The rules of the patent game have been hard to grasp from the beginning. On April 23, 1968, the United States Patent and Trademark Office (USPTO) approved an application filed on April 9, 1965. Martin A. Goetz, a pioneer in the development of the commercial software industry, was granted U.S. Patent No. 3,380,029, despite the 1966 Report of the President’s Commission on the Patent System recommending against patents for computer programs. This patent was based on a data processing system for sorting computer tapes. 

Soon, the U.S. Supreme Court got involved. Gottschallk v. Benson (1972), Parker v. Flook (1978)  and Diamond v. Diehr (1981) are known as the “Patent-Eligibility Trilogy” of Supreme Court rulings on this issue.

Gottschallk v. Benson was a Supreme Court case involving a patent application for a way of converting binary-coded decimal numerals into pure binary numerals. Although the Court of Customs and Patent Appeals reversed an earlier rejection of the patent, the Supreme Court ultimately, and unanimously, decided the patent was indeed for a mathematical process—something that had not been patentable since the 1930s.

In Parker v.

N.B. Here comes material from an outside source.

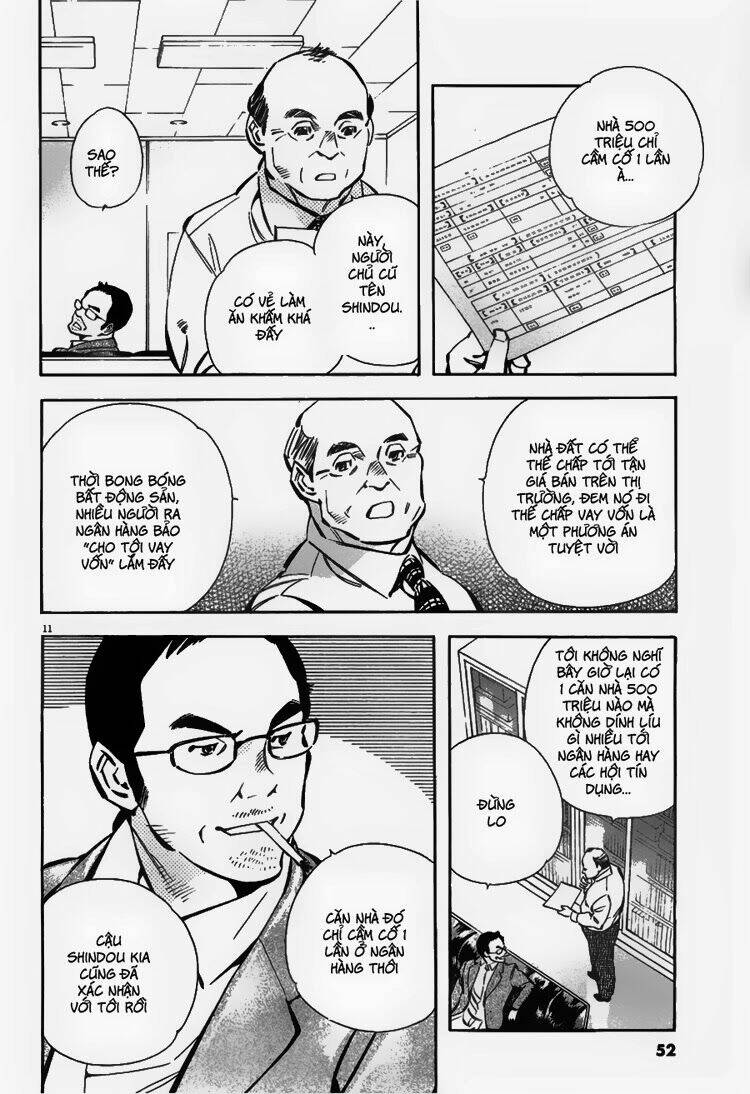 shin kurosagi - con diệc đen 2 chapter 46 12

Flook, the U.S. Supreme Court rejected a patent for a method of updating an “alarm limit” value on a variable (such as temperature) used for the process of catalytic chemical conversion of hydrocarbons. The court once again said it applied to a method that included an “algorithm or mathematical formula,” and rejected the claim because “there was a specific end use contemplated for the algorithm: utilization of the algorithm in computer programming.”

In 1981, the Supreme Court returned to the issue in Diamond v. Diehr. Diehr and Lutton came up with a math equation that could determine how long to cure rubber. They developed a computer program and installed the same on a rubber molding press so that it could make better precision-molded rubber products. The patent was initially rejected, but that rejection was reversed by the patent appeal court.

In this case, the Supreme Court agreed with the appeal court and upheld the patent, stating that controlling the execution of a physical process by running a computer program did not preclude a patent. The high court reiterated its earlier decisions that mathematical formulas could not be patented. However, this did not mean that the presence of software made an otherwise patent-eligible machine non-patentable. In short, if the invention as a whole meets certain requirements, such as “transforming or reducing an article to a different state or thing,” then it is patent-eligible, even if it includes a software component.

In short, Gottschallk v. Benson and Parker v. Flook dealt with attempts to patent existing algorithms or known mathematical laws that had been computerized. Being the first to computerize something that is prior art does not make it patentable. In Diamond v. Diehr, however, the process itself was new. Just because it was being done on a computer didn’t mean that it couldn’t be patented.

Since the Diamond decision, there have been many software patents granted. However, over time, there have been different interpretations of the applicable limits. The problem is how different examiners view those limits. Similar patents have been granted but some have been denied by others, and not all applicants have the resources to take their cases to the Supreme Court.